- [What to do]: Give an exact copy of the lines from the beginning of the listing below to the "未来派游戏武器机枪数字绘画视频教程的图片2" line, inclusive.

- Opening Delimiter -

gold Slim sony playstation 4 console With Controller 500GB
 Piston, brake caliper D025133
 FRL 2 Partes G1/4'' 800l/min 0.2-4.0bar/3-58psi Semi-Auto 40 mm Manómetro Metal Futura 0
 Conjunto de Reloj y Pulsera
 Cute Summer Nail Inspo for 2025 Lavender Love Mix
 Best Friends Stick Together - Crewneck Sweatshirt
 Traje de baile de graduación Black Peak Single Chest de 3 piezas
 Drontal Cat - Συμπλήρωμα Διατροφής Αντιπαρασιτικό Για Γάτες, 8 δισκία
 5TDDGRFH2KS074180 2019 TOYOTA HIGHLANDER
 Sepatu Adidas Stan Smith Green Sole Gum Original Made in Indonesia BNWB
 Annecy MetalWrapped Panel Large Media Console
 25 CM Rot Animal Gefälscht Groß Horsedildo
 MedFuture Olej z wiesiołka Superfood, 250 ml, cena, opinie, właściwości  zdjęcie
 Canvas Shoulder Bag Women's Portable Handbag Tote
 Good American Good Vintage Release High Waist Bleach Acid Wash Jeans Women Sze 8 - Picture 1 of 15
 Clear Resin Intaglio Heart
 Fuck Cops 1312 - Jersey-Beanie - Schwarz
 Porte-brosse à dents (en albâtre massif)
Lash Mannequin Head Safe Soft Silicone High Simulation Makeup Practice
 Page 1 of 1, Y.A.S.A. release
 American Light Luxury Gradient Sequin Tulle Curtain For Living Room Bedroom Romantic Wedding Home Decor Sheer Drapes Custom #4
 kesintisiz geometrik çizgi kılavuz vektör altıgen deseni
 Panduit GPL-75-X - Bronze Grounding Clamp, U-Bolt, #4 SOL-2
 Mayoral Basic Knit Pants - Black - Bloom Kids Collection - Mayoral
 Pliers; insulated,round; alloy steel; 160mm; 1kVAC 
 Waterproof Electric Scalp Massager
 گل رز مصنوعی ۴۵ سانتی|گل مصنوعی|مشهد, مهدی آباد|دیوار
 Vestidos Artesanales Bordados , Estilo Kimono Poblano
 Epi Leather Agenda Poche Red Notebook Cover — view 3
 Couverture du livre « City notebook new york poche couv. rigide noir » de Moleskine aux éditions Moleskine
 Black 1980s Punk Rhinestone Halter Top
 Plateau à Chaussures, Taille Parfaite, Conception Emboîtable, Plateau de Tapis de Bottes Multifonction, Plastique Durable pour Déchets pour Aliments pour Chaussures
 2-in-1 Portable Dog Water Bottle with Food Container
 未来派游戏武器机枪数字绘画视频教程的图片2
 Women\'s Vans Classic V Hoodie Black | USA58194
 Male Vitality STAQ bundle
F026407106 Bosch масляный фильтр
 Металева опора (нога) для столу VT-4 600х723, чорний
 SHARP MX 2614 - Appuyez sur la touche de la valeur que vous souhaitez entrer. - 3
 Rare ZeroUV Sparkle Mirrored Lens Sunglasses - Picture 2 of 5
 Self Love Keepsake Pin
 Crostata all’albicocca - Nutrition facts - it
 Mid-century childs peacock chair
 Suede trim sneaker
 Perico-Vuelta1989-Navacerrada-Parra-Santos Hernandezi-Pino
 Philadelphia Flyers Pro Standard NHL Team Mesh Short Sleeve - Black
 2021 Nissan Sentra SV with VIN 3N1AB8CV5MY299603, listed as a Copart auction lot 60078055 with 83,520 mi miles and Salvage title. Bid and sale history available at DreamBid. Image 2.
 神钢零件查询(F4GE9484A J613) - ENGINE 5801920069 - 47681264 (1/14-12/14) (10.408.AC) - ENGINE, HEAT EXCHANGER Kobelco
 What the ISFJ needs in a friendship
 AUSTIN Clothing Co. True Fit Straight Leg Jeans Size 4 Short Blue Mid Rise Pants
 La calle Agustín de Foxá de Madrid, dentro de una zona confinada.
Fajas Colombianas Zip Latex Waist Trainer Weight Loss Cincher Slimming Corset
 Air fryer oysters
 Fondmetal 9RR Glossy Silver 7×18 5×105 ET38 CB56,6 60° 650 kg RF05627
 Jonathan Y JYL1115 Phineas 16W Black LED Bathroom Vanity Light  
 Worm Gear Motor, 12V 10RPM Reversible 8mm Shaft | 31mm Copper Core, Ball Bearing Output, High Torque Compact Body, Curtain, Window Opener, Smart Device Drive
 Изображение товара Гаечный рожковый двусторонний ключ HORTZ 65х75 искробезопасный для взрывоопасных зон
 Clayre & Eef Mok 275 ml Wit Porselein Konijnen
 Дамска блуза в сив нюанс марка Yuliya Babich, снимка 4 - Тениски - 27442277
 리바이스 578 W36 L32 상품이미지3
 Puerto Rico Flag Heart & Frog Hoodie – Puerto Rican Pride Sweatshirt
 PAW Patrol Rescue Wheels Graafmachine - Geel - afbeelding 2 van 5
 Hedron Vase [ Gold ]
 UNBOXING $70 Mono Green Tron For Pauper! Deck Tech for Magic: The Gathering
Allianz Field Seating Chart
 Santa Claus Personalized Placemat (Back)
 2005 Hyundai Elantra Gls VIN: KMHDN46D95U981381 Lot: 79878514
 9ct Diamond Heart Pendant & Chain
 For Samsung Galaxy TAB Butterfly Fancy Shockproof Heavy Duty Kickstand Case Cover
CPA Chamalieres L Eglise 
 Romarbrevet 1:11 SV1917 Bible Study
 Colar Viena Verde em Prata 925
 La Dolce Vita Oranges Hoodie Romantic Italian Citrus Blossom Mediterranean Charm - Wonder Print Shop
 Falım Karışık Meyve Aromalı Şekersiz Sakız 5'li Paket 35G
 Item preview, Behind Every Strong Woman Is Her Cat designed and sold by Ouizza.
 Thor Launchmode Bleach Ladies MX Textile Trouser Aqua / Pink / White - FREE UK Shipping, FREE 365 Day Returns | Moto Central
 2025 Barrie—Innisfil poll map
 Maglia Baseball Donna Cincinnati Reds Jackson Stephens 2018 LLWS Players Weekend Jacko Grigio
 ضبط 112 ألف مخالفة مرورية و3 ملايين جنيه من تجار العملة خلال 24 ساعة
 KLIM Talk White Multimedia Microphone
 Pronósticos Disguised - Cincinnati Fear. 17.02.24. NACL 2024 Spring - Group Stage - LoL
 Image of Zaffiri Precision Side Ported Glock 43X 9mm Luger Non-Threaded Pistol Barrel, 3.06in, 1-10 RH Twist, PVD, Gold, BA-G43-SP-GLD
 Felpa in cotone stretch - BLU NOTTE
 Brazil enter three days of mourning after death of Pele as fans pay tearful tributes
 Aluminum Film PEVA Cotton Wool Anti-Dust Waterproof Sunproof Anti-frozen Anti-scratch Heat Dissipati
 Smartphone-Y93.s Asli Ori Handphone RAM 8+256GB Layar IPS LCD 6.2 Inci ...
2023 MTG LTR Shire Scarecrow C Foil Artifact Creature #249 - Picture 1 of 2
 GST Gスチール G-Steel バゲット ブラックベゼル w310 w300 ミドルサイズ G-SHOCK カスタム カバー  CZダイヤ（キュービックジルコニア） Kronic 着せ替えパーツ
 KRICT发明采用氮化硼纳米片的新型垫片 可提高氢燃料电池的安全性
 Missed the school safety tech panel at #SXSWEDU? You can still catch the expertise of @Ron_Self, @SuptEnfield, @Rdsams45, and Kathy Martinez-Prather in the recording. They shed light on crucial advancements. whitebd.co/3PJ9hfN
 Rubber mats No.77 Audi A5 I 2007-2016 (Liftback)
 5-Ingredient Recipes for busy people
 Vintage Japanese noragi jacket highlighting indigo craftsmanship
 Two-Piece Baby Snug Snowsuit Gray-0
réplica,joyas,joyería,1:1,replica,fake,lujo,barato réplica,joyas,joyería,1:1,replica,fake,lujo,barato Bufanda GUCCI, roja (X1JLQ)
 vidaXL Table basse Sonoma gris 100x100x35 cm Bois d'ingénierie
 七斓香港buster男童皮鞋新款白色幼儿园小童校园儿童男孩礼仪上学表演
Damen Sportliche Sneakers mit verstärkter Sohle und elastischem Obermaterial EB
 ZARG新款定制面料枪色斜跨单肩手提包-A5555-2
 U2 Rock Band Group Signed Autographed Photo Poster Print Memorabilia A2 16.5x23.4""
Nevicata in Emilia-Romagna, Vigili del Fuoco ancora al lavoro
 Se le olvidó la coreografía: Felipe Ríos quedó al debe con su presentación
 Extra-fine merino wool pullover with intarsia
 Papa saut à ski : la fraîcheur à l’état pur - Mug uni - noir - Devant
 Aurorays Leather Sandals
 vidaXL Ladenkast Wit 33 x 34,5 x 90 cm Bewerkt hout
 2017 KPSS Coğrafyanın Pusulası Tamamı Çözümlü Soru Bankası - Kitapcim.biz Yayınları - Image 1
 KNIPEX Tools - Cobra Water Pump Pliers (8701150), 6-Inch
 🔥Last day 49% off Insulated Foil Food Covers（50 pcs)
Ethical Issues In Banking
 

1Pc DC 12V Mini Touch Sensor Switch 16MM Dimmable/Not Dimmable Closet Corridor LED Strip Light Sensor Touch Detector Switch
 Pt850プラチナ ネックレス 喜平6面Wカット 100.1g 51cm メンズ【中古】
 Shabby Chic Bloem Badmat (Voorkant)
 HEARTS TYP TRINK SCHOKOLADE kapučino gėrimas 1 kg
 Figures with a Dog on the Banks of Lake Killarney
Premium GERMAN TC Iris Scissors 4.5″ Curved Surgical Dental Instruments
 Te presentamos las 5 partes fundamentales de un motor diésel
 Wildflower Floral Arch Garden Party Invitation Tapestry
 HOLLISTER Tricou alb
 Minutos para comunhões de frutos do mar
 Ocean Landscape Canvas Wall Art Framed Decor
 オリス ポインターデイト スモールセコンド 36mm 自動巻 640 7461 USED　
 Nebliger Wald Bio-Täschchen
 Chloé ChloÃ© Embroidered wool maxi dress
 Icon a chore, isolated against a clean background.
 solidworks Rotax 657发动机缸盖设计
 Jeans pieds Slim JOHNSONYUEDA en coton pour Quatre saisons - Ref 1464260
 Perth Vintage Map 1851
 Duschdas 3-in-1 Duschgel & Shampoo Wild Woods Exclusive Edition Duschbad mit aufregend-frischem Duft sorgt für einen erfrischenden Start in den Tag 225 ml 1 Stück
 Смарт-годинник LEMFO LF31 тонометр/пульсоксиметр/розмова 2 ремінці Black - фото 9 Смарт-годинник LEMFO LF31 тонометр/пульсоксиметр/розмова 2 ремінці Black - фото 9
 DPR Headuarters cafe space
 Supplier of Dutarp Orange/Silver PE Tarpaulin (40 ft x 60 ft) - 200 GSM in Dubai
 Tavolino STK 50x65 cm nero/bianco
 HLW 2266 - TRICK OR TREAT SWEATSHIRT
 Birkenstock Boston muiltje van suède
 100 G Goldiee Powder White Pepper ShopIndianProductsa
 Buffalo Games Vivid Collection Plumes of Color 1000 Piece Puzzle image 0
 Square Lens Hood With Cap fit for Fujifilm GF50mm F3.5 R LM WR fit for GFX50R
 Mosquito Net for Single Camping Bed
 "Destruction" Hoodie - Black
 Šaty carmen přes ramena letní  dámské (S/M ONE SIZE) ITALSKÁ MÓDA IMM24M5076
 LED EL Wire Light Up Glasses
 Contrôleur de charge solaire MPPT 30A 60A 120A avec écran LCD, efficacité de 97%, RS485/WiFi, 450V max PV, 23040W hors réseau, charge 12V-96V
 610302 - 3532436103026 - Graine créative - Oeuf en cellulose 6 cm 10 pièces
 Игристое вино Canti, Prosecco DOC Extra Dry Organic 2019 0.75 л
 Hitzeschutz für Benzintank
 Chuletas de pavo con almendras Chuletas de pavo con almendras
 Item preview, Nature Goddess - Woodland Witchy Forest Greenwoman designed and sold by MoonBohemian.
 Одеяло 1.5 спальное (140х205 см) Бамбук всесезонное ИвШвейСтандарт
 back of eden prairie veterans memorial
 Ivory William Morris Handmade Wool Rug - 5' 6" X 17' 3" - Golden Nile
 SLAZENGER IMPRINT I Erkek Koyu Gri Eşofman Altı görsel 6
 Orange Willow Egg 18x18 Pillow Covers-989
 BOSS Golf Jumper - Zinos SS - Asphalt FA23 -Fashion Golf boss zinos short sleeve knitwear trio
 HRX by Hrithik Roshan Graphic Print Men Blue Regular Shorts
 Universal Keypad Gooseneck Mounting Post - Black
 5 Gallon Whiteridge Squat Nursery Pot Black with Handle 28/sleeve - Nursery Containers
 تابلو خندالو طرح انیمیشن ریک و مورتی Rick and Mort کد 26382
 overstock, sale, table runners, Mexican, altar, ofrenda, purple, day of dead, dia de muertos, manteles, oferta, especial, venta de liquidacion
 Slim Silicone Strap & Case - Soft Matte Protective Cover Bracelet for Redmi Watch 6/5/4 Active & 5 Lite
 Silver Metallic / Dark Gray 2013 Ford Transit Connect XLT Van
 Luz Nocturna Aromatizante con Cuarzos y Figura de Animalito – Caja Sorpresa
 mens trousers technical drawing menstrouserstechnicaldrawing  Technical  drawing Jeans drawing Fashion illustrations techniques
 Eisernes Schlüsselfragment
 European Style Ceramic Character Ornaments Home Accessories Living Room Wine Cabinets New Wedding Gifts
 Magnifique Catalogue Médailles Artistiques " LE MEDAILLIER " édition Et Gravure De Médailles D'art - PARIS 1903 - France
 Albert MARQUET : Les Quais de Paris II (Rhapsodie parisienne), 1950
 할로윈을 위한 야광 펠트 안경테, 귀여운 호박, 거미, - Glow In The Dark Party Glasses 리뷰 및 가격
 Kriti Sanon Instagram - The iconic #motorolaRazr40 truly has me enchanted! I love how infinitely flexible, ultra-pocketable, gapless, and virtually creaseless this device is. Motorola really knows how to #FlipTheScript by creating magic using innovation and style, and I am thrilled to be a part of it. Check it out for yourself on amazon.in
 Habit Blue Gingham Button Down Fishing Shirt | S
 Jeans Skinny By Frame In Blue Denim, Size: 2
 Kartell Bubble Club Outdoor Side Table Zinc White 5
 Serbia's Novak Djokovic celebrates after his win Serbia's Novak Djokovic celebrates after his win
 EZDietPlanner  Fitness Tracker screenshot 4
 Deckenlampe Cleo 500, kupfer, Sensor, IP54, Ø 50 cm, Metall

- Closing Delimiter -

- [Task output]:
gold Slim sony playstation 4 console With Controller 500GB
 Piston, brake caliper D025133
 FRL 2 Partes G1/4'' 800l/min 0.2-4.0bar/3-58psi Semi-Auto 40 mm Manómetro Metal Futura 0
 Conjunto de Reloj y Pulsera
 Cute Summer Nail Inspo for 2025 Lavender Love Mix
 Best Friends Stick Together - Crewneck Sweatshirt
 Traje de baile de graduación Black Peak Single Chest de 3 piezas
 Drontal Cat - Συμπλήρωμα Διατροφής Αντιπαρασιτικό Για Γάτες, 8 δισκία
 5TDDGRFH2KS074180 2019 TOYOTA HIGHLANDER
 Sepatu Adidas Stan Smith Green Sole Gum Original Made in Indonesia BNWB
 Annecy MetalWrapped Panel Large Media Console
 25 CM Rot Animal Gefälscht Groß Horsedildo
 MedFuture Olej z wiesiołka Superfood, 250 ml, cena, opinie, właściwości  zdjęcie
 Canvas Shoulder Bag Women's Portable Handbag Tote
 Good American Good Vintage Release High Waist Bleach Acid Wash Jeans Women Sze 8 - Picture 1 of 15
 Clear Resin Intaglio Heart
 Fuck Cops 1312 - Jersey-Beanie - Schwarz
 Porte-brosse à dents (en albâtre massif)
Lash Mannequin Head Safe Soft Silicone High Simulation Makeup Practice
 Page 1 of 1, Y.A.S.A. release
 American Light Luxury Gradient Sequin Tulle Curtain For Living Room Bedroom Romantic Wedding Home Decor Sheer Drapes Custom #4
 kesintisiz geometrik çizgi kılavuz vektör altıgen deseni
 Panduit GPL-75-X - Bronze Grounding Clamp, U-Bolt, #4 SOL-2
 Mayoral Basic Knit Pants - Black - Bloom Kids Collection - Mayoral
 Pliers; insulated,round; alloy steel; 160mm; 1kVAC 
 Waterproof Electric Scalp Massager
 گل رز مصنوعی ۴۵ سانتی|گل مصنوعی|مشهد, مهدی آباد|دیوار
 Vestidos Artesanales Bordados , Estilo Kimono Poblano
 Epi Leather Agenda Poche Red Notebook Cover — view 3
 Couverture du livre « City notebook new york poche couv. rigide noir » de Moleskine aux éditions Moleskine
 Black 1980s Punk Rhinestone Halter Top
 Plateau à Chaussures, Taille Parfaite, Conception Emboîtable, Plateau de Tapis de Bottes Multifonction, Plastique Durable pour Déchets pour Aliments pour Chaussures
 2-in-1 Portable Dog Water Bottle with Food Container
 未来派游戏武器机枪数字绘画视频教程的图片2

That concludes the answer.